Pictures with short captions
----------
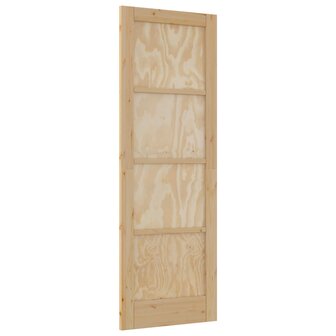 Binnendeur Naturel 73,5 x 211 cm Multiplex 2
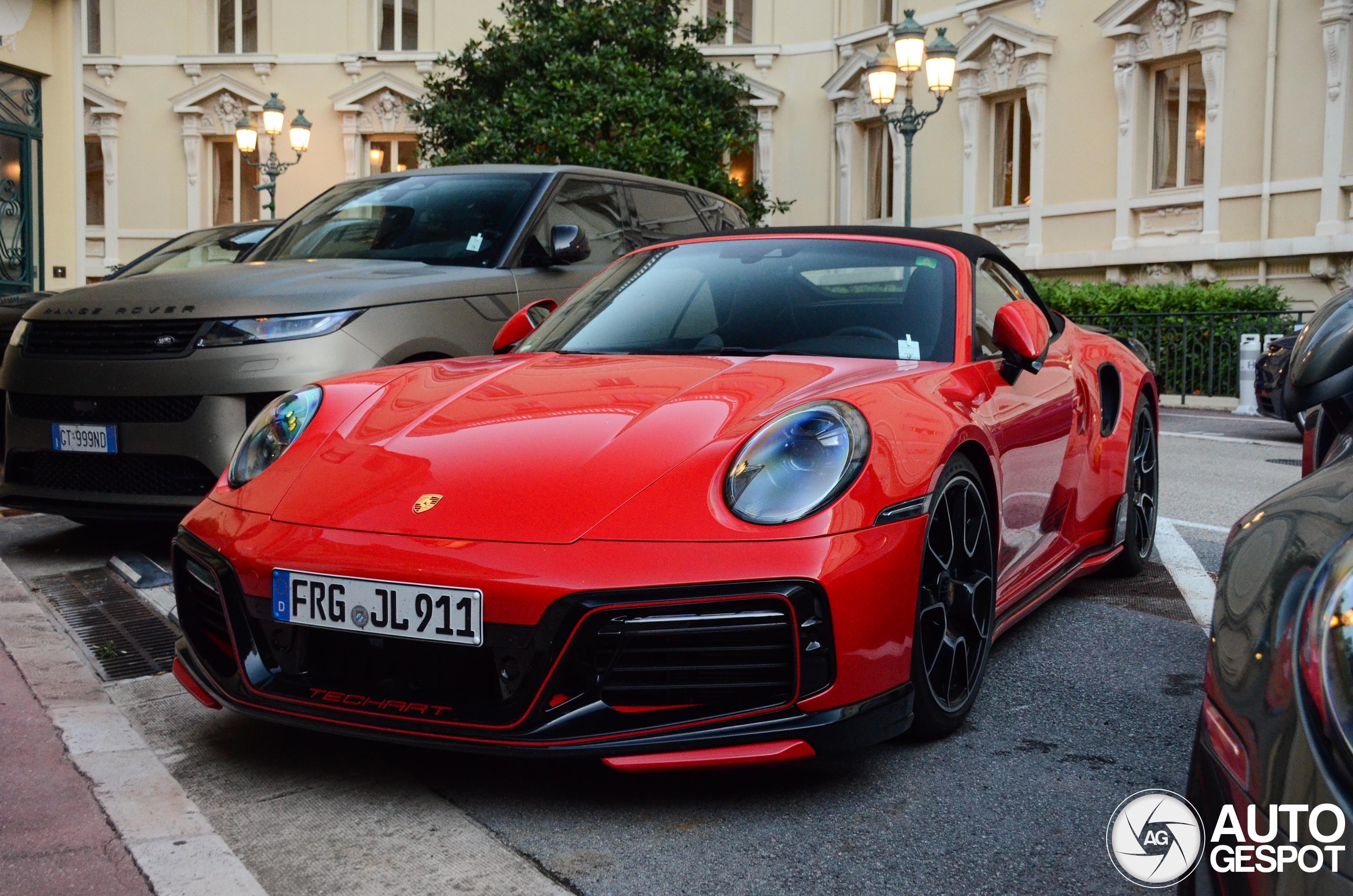 Porsche TechArt 992 Turbo S Cabriolet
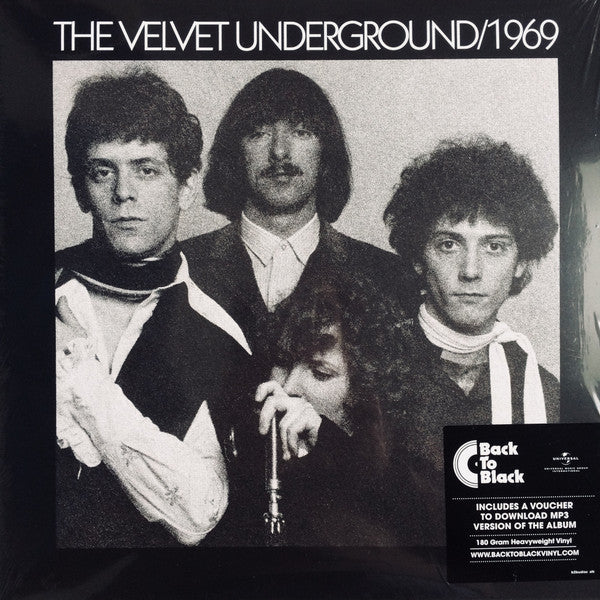 The Velvet Underground : 1969 (2xLP, Comp, 180)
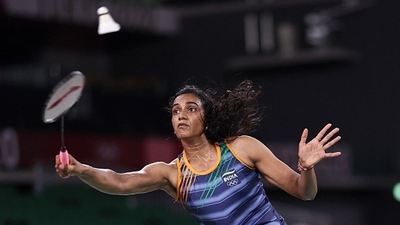 File image of PV Sindhu. (Getty Images) File image of PV Sindhu. (Getty Images)
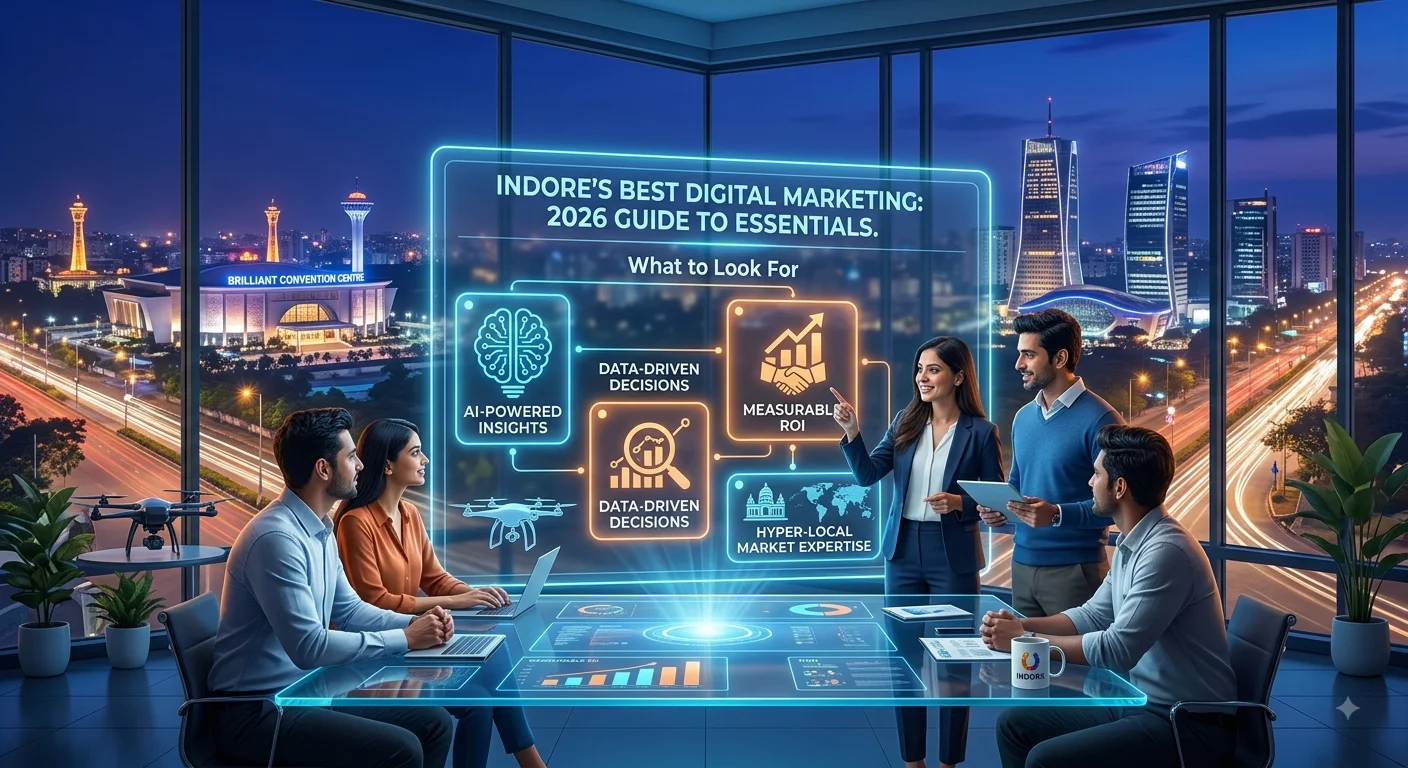 Best Digital Marketing Company in Indore: What to Look For in 2026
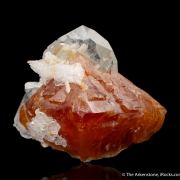 Scheelite with Aquamarine and Quartz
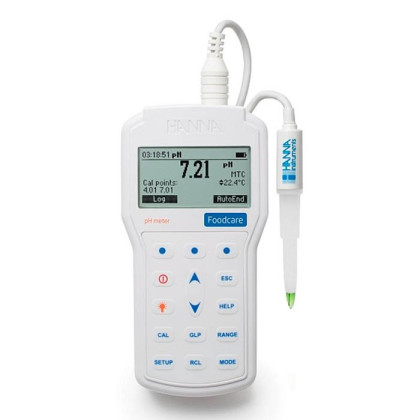 Фото товара pH-метр переносной профессиональный HANNA HI 98161
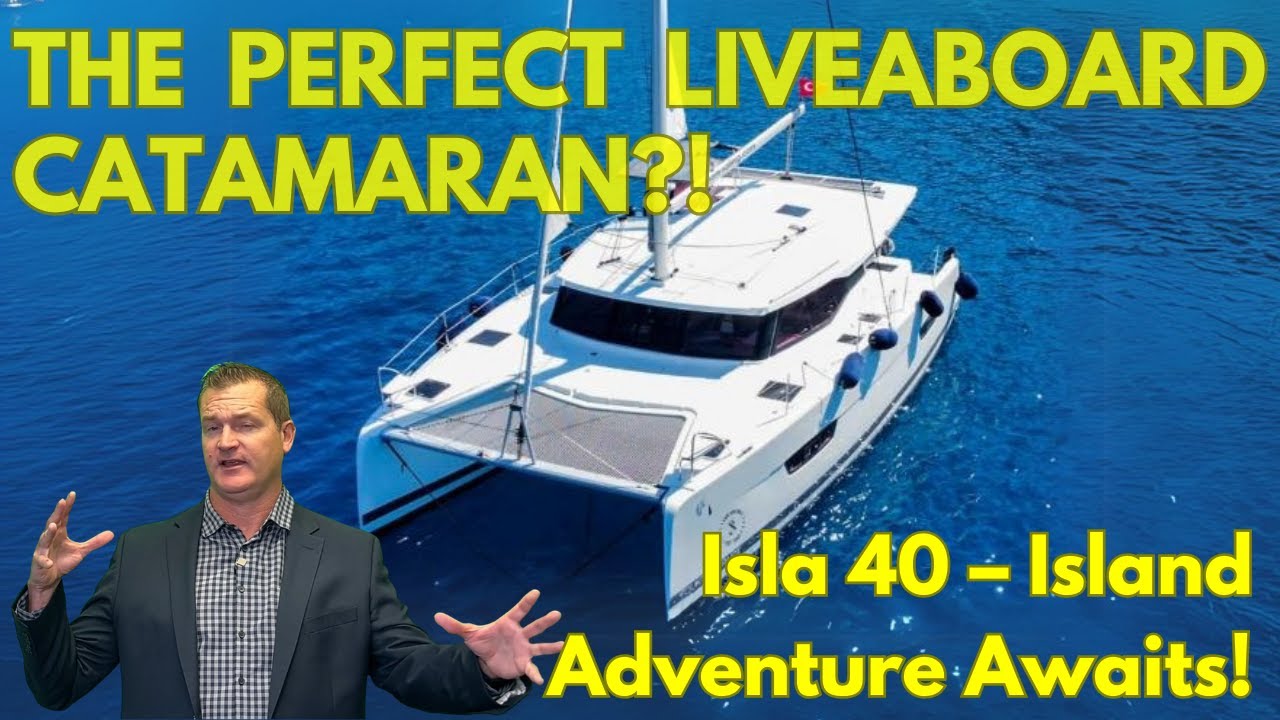 🚀 Fountaine Pajot Isla 40 | Catamaranul de navigație suprem pentru Florida & Caraibe Adventures 🌊⛵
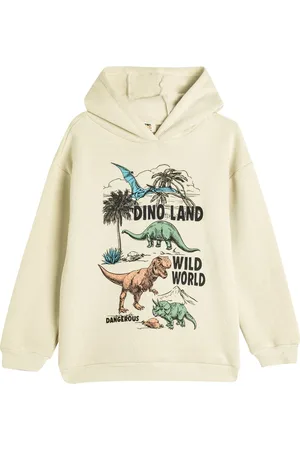 Koton Capuchon kraag Met drukwerk Sweatshirt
----------
Work request
Without copying any picture, repeat all of the entries exactly.

Solution for this exercise
 Binnendeur Naturel 73,5 x 211 cm Multiplex 2
 Porsche TechArt 992 Turbo S Cabriolet
 The Velvet Underground : 1969 (2xLP, Comp, 180)
 File image of PV Sindhu. (Getty Images) File image of PV Sindhu. (Getty Images)
 Best Digital Marketing Company in Indore: What to Look For in 2026
 Scheelite with Aquamarine and Quartz
 Фото товара pH-метр переносной профессиональный HANNA HI 98161
 🚀 Fountaine Pajot Isla 40 | Catamaranul de navigație suprem pentru Florida & Caraibe Adventures 🌊⛵
 Koton Capuchon kraag Met drukwerk Sweatshirt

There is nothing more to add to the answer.